In der Monatsversammlung vom 11. Juli 1965 war der aus der HerzJesu-Gemeinde stammende Missionar Pater Erich Stottok S.V.D. Referent des Tages. Der Präses, Kaplan Günter Berghaus, überreichte dem Missionar zunächst den in der Kirche gesammelten Betrag von 1 625 DM. Pater Stottok dankte allen Spendern und berichtete von seiner Missionsarbeit auf den Philippinen. Dort gäbe es seit 400 Jahren das Christentum und gut 86 Prozent der Einwohner seien Christen, jedoch fast ohne Priester. Ein Priester müsse im Durchschnitt 6 000 bis 10 000 Gläubige betreuen. Dann zeigte der Pater einen Film über das Leben der Menschen auf den Philippinen. Eine anschließende Sammlung erbrachte 103,50 DM.

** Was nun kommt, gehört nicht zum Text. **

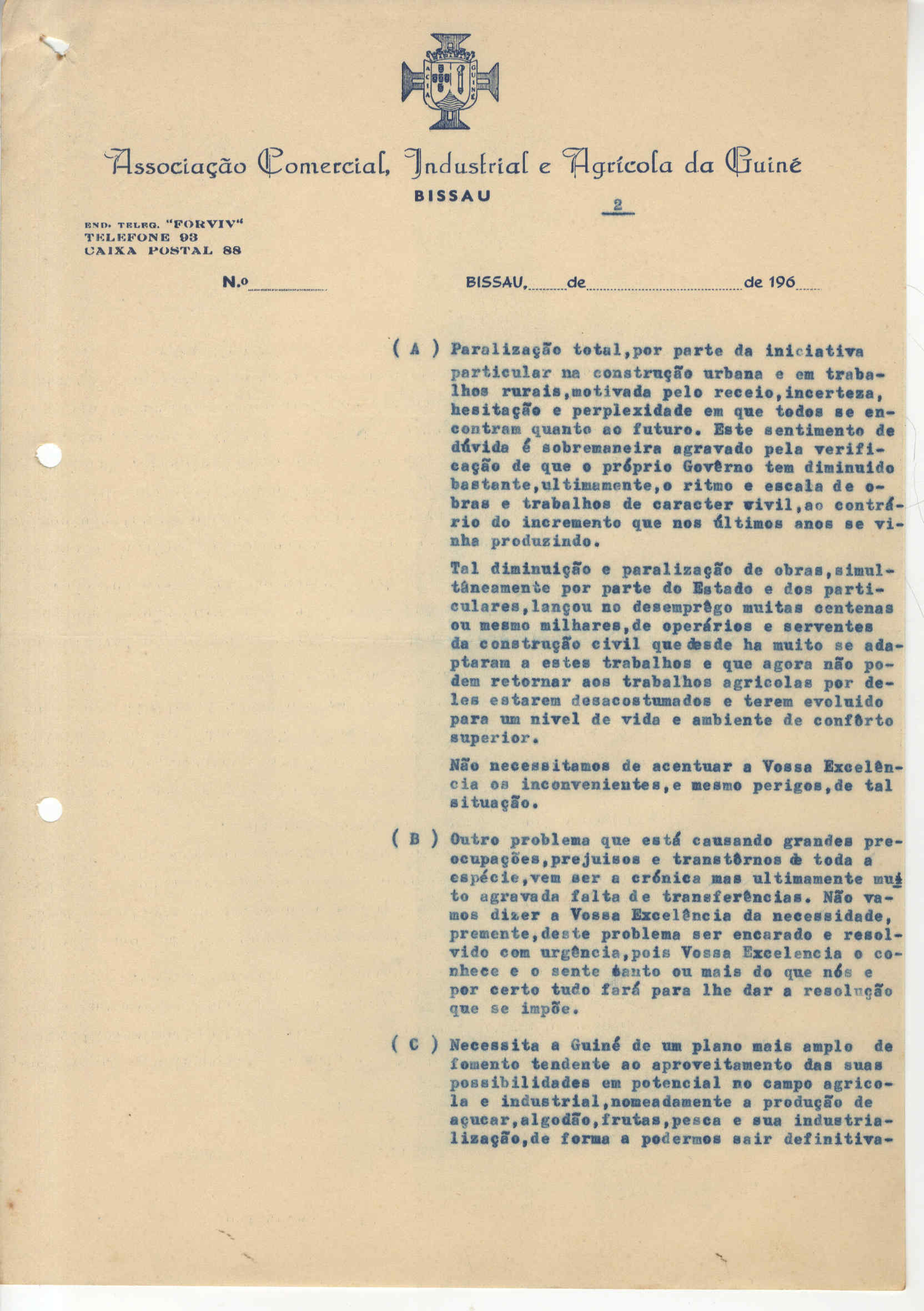 11280.003.002- pag.332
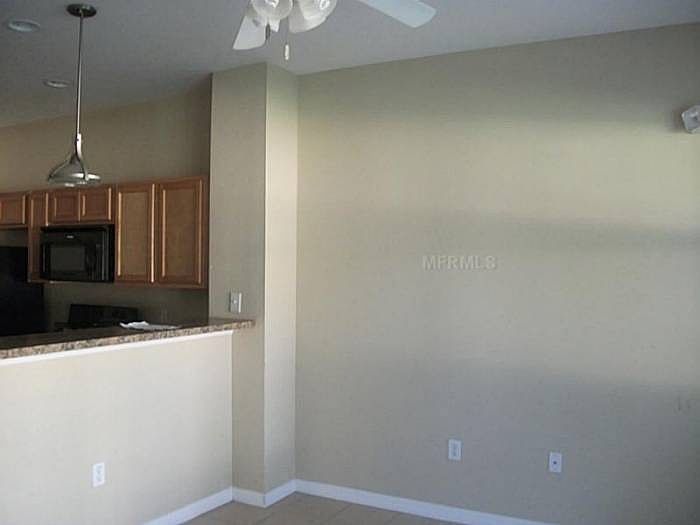 1st image of 7625 Long Island Dr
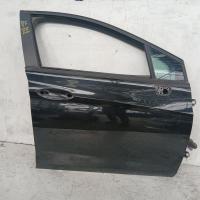 door front right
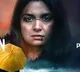 Nani Happy to launch the trailer of Penguin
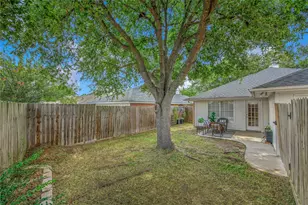 805 Azalea Ct, College Station, TX 77840 - Photo 31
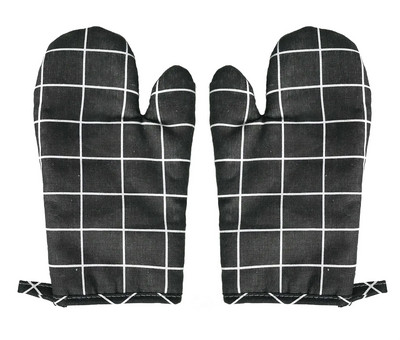 2tk Soojusisolatsioonikindad Kindad Põletusvastased Ahjukindad Paksendatud Mikrolaineahjukindad Libisemisvastased Köök Küpsetusahjukindad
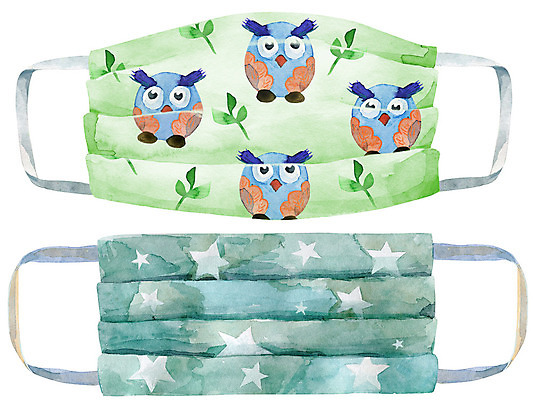 포토 JPG 해외이미지 산업 얼굴 잎 건강 병원 가면 안전 사람없음 세트 장미 펼침 고통 장비 간호사 의사 오염 호흡기관 바이러스 호흡 보호 질병 오브젝트 예방 감염 전염 먼지 알레르기 고립 기침 돌봄 위생관리 인플루엔자 전염병 제어 필터 핸드메이드 화학약품 해외포토 식물 꽃 감정 컨셉 의학 모션 관리 신체부위 의료진 장기_의학 화학 물질 파일형식 이미지허브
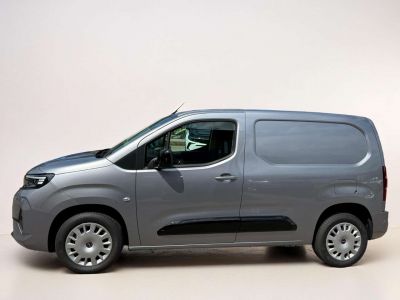 Opel Combo Vorführwagen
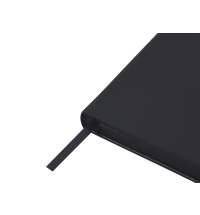 Ежедневник недатированный А6 &laquo;Megapolis Color&raquo;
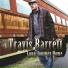 Travis J Barrett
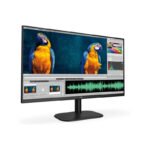 AOC Q27B2S2 27″ 100Hz IPS QHD/2K – Image 2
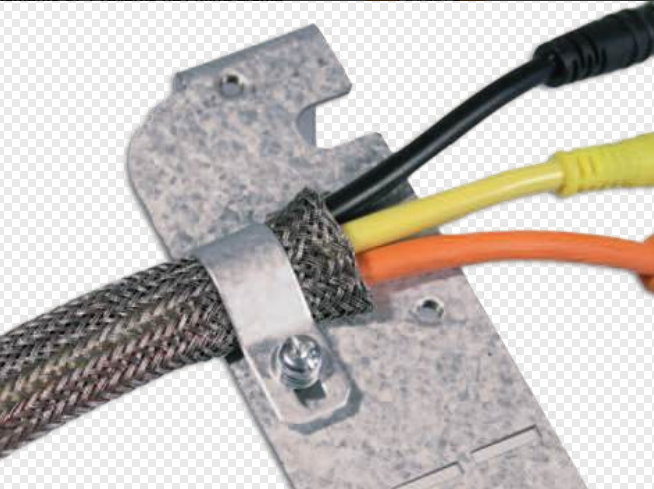 三條線.png 三條線.png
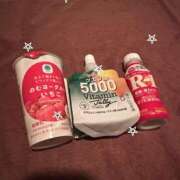 ヒメ日記 2025/08/04 19:05 投稿 みしな♪ プリティーガール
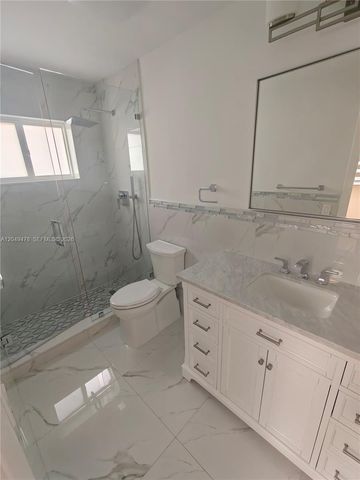 3410 Cleveland St, Hollywood, FL 33021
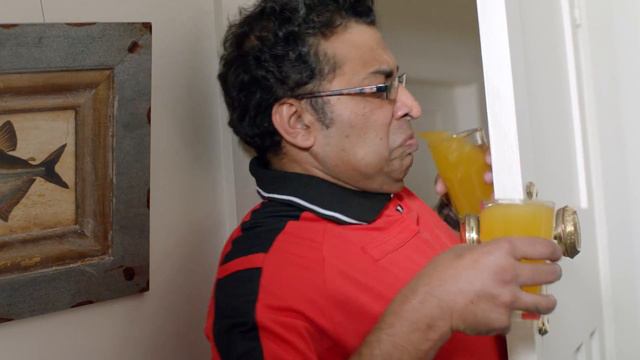 Yellow Pages - Enter our $80,000 giveaway to restump your house смотреть онлайн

Am 3. August 1965 wurde der Präses, Kaplan Günter Berghaus, nach Oberhausen, Herz-Jesu,versetzt. Der neue Präses, Kaplan Bernhard Althuesmann, hielt am 21. November 1965 sein erstes Referat in der KAB Herz-Jesu mit dem Thema: "Wie kam es zu Reformation?"
Am Mittwoch, dem 8. Dezember 1965, dem Fest der Unbefleckten Empfängnis, wurde in Rom der Schluß des Zweiten Vatikanischen Konzils gefeiert. Diesem Konzil verdankt die Arbeiterschaft wichtige Aussagen zu ihrer Stellung in der Kirche und zu ihren Aufgaben im Apostolat. In zahlreichen Gesprächen, Vorträgen und Predigten hatten die Mitglieder Gelegenheit, Inhalte und Ziele der Konzils-texte kennenzulernen.
Rektor Wilhelm Tolksdorf sprach am 12. Dezember 1965 über: "Bildung und Erziehung" und erläuterte vor allem die Möglichkeit zur Weiterbildung der Kinder auf den weiterführenden Schulen.